With Thanksgiving only weeks away, I’ve been busy formulating recipes to make for our big family feast. Whenever I can find an occasion to contribute one of my original dishes, I jump at the chance. By doing so, I get unbiased opinions as to whether or not the taste-testers liked my food creations.

One of my favorite events to try out new recipes happens to be at the quarterly meetings of the Edom Historical Society. While I’m currently holding the offices of both secretary and treasurer, I recently volunteered to provide all of the refreshments for our March, June, and September meetings.

I also contribute to the smorgasbord of delightful appetizers and snacks at our Christmas party each year. For this occasion, all of our members bring one or more dishes. After a brief meeting of business, we talk, laugh, eat, and thoroughly enjoy our time together.

Today I’m sharing one of my latest creations, which was inspired by my love of pumpkin spice. I served it at our September meeting and received many wonderfully kind compliments on it.

This cake would be a nice addition to your Thanksgiving meal or any holiday party. If you try it, I hope you enjoy it as much as the EHS members did.

For anyone interested in attending one of our meetings, you can email me at hattiekirkwoodkemp@gmail.com to get the times, dates, and locations.

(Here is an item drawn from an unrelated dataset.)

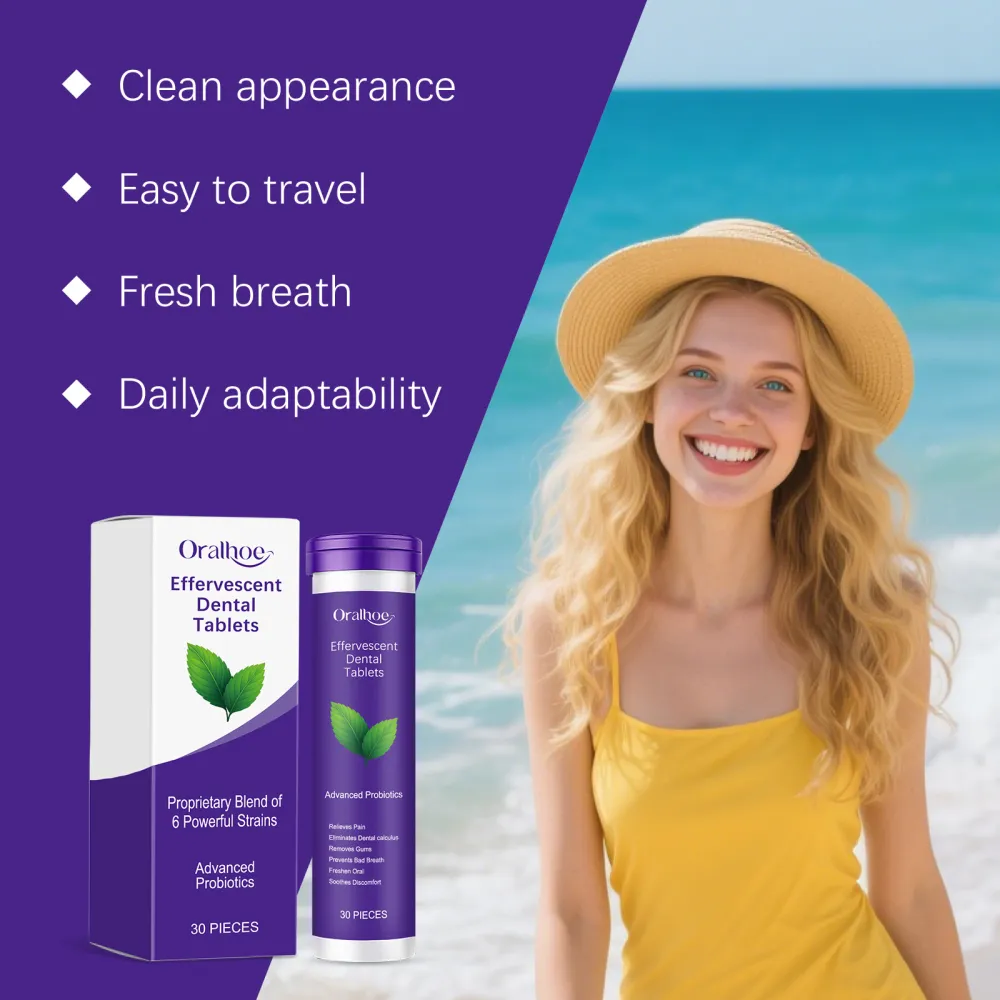 Fresh breath toothpaste tablets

Autumnal Pumpkin Sheet Cake

Cake Ingredients:

1/2 c. butter (1 stick), softened

1/2 c. organic coconut oil

1/2 c. pumpkin purée

1 1/2 c. sugar

1/2 c. light-brown sugar

2 large eggs, slightly beaten

1 t. vanilla extract

1 c. milk

2 c. all-purpose flour (A gluten-free flour blend works perfectly, too.)

1 t. baking soda

1/2 t. finely ground sea salt

3/4 t. ground cinnamon

1/8 t. each ground nutmeg, ginger, and cardamom

Pinch of cloves

Frosting Ingredients:

1/4 c. organic coconut oil

4 oz. cream cheese, softened

1/6 c. milk

1/2 t. vanilla extract

3/8 t. ground cinnamon

1/8 t. ground cardamom

2 3/4 c. confectioner’s sugar


Preheat oven to 350 degrees F. Coat a 13- by 18-inch jellyroll pan with Baker’s Joy or grease with butter and dust with flour and then discard excess flour.

Into a medium-sized bowl, add flour and spices, stirring to combine; set aside.

Into a bowl of a stand mixer, place melted butter and coconut oil along with the milk, pumpkin, both sugars, beaten eggs, and extract. With paddle attachment, mix to combine, scraping down bowl once or twice.

Add the flour-spice mixture and mix until fully incorporated. Do not over-mix. Pour batter into prepared pan and bake for about 20 to 25 minutes or until done when tested in center. Cool completely on a wire rack.

To prepare frosting, cream together the softened cream cheese and coconut oil in the bowl of a stand mixer with the whisk attachment. Blend in the spices. Starting and ending with the confectioner’s sugar, alternate the addition of sugar and milk, beating well on highest speed after each. Scrape down the sides several times during this process.

Using an offset spatula, spread frosting on top of the cooled cake just to the edges of the pan. For best results, refrigerate cake to let the frosting set. Before serving, rest the cake on counter for at least 10 minutes prior to cutting and plating.

Yield: 24 pieces of cake, depending on size

Note: For a thicker cake, bake it in a 9- by 13-inch pan for 30 to 35 minutes or until done.